Retail can continue to happily sell disc-based physical video games for at least another 20 years, according to one leading analyst.
GameStop CEO Paul Raines said earlier that he believes physical games retail will never go away, although the comments were dismissed as delusional, self-serving load of tosh” by former PlayStation and Xbox man Phil Harrison.
Wedbush Morgan's Michael Pachter, however, thinks Raines' assessment is closer to the truth.
Music CD sales are down 80 per cent from their peak, but the salient point is that 18 years after Napster, Kazaa and Grokster almost destroyed physical media, the record labels are STILL MAKING CDs,” he told MCV.

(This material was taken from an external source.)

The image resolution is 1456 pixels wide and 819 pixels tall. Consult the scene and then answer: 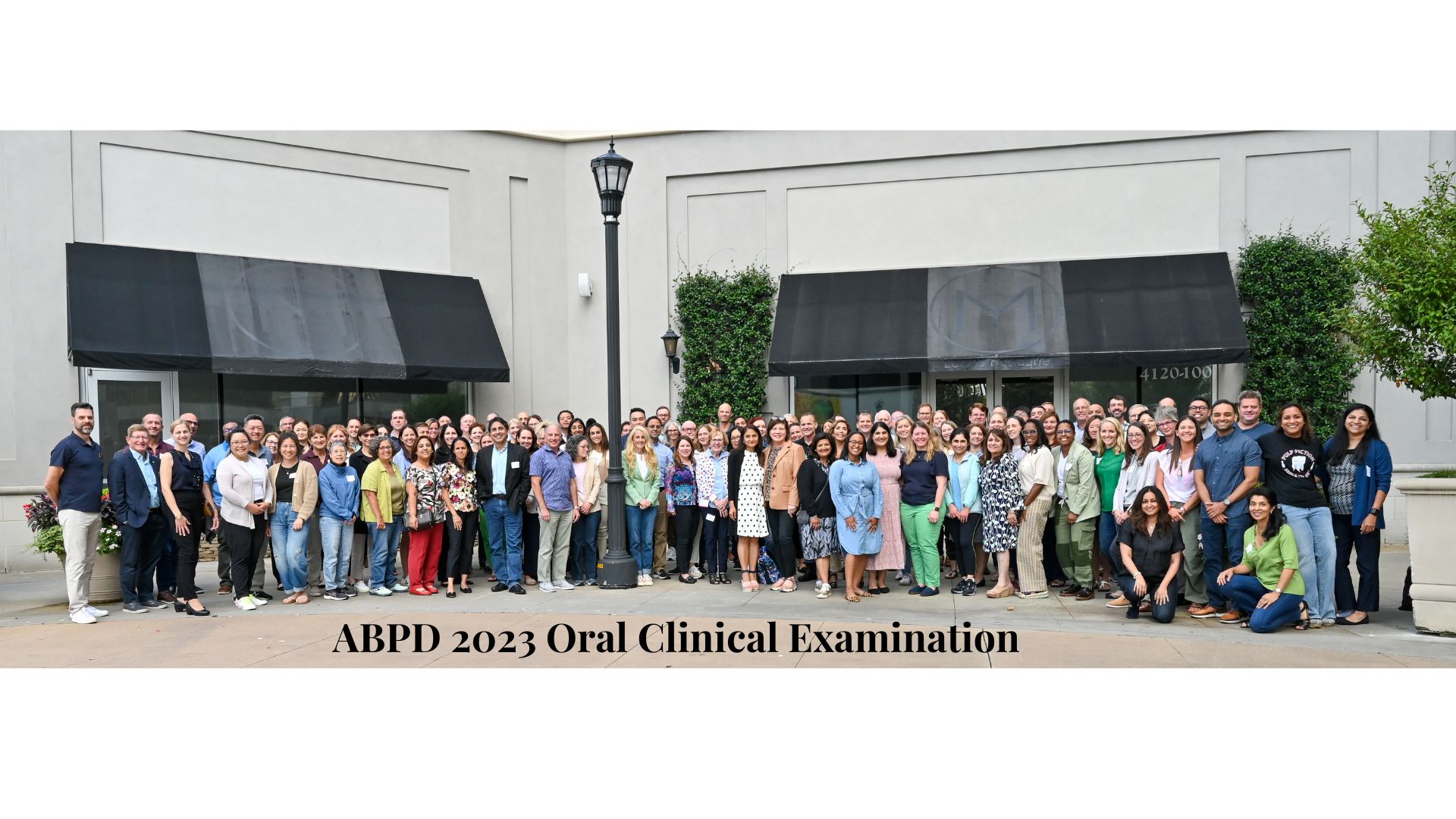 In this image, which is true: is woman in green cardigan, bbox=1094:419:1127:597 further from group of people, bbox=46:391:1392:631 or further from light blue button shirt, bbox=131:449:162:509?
light blue button shirt, bbox=131:449:162:509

DVD sales are down around 50 per cent from the peak, but again, the figure is misleading, as the peak reflected the debut of virtually every film ever made on DVD. The masses bought Blu-ray players and bought catalogue titles in 2010, and catalogue has faded far more rapidly than new release DVD sales. Again, the salient point is that the movie studios are still making DVDs.

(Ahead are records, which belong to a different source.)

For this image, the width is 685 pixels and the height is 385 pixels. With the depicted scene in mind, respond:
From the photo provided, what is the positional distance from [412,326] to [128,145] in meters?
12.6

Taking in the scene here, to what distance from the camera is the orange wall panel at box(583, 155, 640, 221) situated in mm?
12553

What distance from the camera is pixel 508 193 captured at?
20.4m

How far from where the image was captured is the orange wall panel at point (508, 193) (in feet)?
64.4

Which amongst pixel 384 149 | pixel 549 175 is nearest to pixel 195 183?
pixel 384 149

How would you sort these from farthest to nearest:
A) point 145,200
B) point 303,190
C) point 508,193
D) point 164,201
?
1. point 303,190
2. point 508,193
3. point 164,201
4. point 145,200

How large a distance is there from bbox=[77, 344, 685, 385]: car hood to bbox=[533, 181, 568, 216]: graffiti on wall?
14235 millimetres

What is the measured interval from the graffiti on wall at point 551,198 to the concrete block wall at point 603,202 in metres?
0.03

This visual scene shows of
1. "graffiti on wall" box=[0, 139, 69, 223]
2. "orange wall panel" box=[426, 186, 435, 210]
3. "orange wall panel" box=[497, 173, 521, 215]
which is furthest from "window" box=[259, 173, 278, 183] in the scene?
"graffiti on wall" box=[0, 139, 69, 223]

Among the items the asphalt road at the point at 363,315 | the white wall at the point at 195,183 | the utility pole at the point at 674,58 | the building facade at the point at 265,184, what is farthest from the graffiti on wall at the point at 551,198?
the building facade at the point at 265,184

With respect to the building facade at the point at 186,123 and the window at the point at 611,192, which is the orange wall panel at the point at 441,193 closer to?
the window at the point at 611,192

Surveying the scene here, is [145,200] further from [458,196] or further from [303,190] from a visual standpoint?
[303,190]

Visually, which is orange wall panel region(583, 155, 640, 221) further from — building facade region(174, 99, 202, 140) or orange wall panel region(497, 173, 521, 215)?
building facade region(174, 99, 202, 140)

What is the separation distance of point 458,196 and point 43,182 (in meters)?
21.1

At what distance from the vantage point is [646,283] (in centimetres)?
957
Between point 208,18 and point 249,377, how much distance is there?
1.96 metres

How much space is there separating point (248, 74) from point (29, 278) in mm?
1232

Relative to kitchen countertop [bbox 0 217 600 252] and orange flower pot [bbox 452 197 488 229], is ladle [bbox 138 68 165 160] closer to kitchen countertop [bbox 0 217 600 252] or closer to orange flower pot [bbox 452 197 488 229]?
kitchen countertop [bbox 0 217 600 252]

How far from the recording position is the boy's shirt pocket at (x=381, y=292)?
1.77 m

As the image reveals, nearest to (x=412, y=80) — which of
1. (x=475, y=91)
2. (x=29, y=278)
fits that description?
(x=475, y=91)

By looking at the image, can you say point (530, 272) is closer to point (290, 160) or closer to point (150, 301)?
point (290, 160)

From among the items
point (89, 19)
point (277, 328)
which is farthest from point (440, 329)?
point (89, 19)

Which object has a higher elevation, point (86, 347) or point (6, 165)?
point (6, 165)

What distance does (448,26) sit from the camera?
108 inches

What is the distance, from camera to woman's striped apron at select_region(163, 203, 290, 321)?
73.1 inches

I think the console death will take decades. That means that GameStop has at least another 20 years to sell DVDs. I think that the decline in physical game sales hurts GameStop the least, as Amazon and Best Buy customers are far more inclined to buy online than GameStop customers, due to the latter's predominant position in the used games business.”
Pachter also contests comments by SuperData's Joost van Dreunen, likening GameStop's perceived plight to that of the failed Blockbuster or RadioShack.
RadioShack was put out of business by crushing debt (GameStop has none) and very slowly declining sales due to their irrelevancy,” he added. Blockbuster was put out of business not by digital downloads or streaming video, but by lower-priced Redbox, whose sole business is renting physical DVDs. There is no analogy for GameStop.”